Sarah Palin’s Mini-Me Michele Bachmann, the odious stupidity-sponge from Minnesota, has decided not to run for reelection next year. There aren’t enough “good riddances” in the universe to express my elation at this news. I honestly don’t give a shit why she’s doing this, I’m just glad this intellectual black hole won’t be in fucking Congress any more. But Bachmann wants us all to know she’s no coward.
In her video announcement, Bachmann said her decision was not influenced by any concerns about winning reelection.
“I’ve always, in the past, defeated candidates who were capable, qualified, and well-funded. And I have every confidence that if I ran, I would again defeat the individual who I defeated last year, who recently announced that he is once again running,” Bachmann said.
Sadly, I actually think this part is true. This might be the only fucking thing in existence that I agree with her on: She could probably get reelected if she wanted to. Whatever district of Minnesota she represents must be full of routine drool-rag users, or else she never could have made it to Washington to begin with.
But then there’s this…
Nor was her decision based on any concerns over an ongoing congressional ethics inquiry into the improper transfer of campaign funds, Bachmann said in her video. She is also facing a Federal Election Commission complaint about her former presidential campaign.

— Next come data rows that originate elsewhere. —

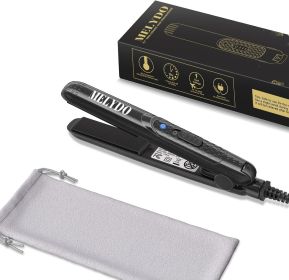Mini Flat Iron, Ceramic Tourmaline Small Hair Straightener for Short Hair/Bangs, Dual Voltage Travel Hair Straightener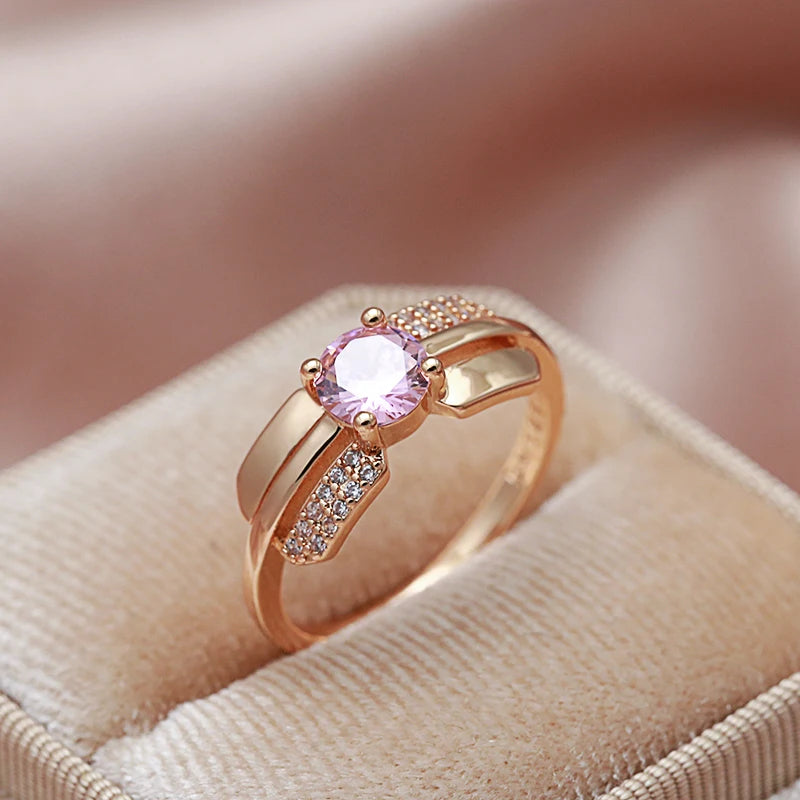 Best Luxury Shiny Gift Natural Ring For Women 045
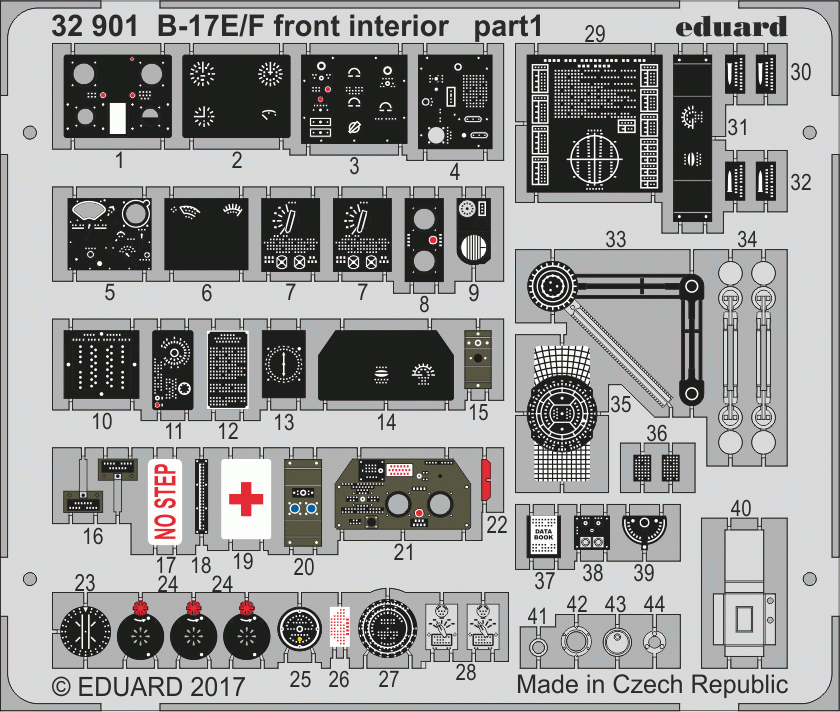 Eduard 32901 B-17E/F intérieur avant 1/32 HK MODELS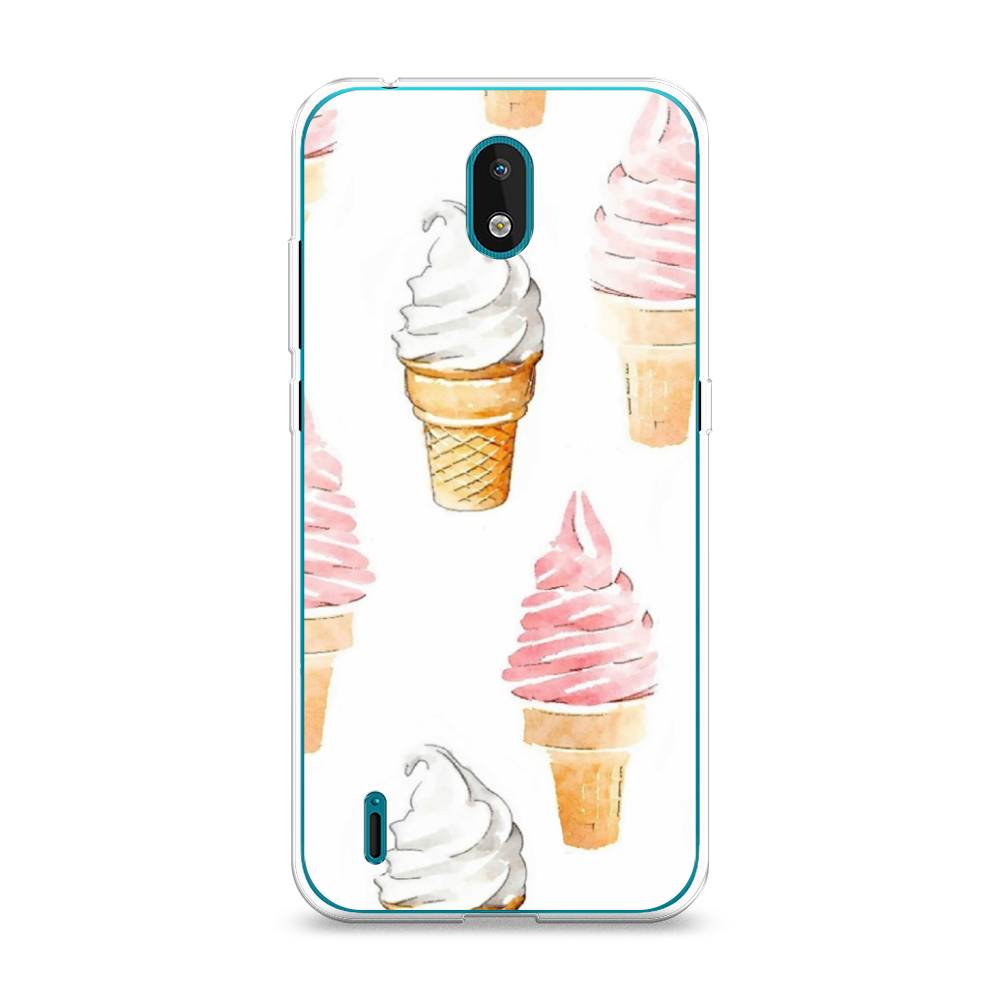 

Чехол Awog на Nokia 1.3 (2020) / Нокиа 1.3 (2020) "Нарисованное мороженое", Белый;розовый, 123950-10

“This decision was not impacted in any way by the recent inquiries into the activities of my former presidential campaign or my former presidential staff,” she said. “It was clearly understood that compliance with all rules and regulations was an absolute necessity for my presidential campaign. And I have no reason to believe that that was not the case.”
Suuuure… I’ll fucking believe that when I believe anything else that Bachmann believes.
“I promise you I have and I will continue to fight to protect innocent human life, traditional marriage, family values, religious liberty, and academic excellence,” Bachmann said.
If she’s protecting academic excellence, then I’m a god damned Mormon missionary.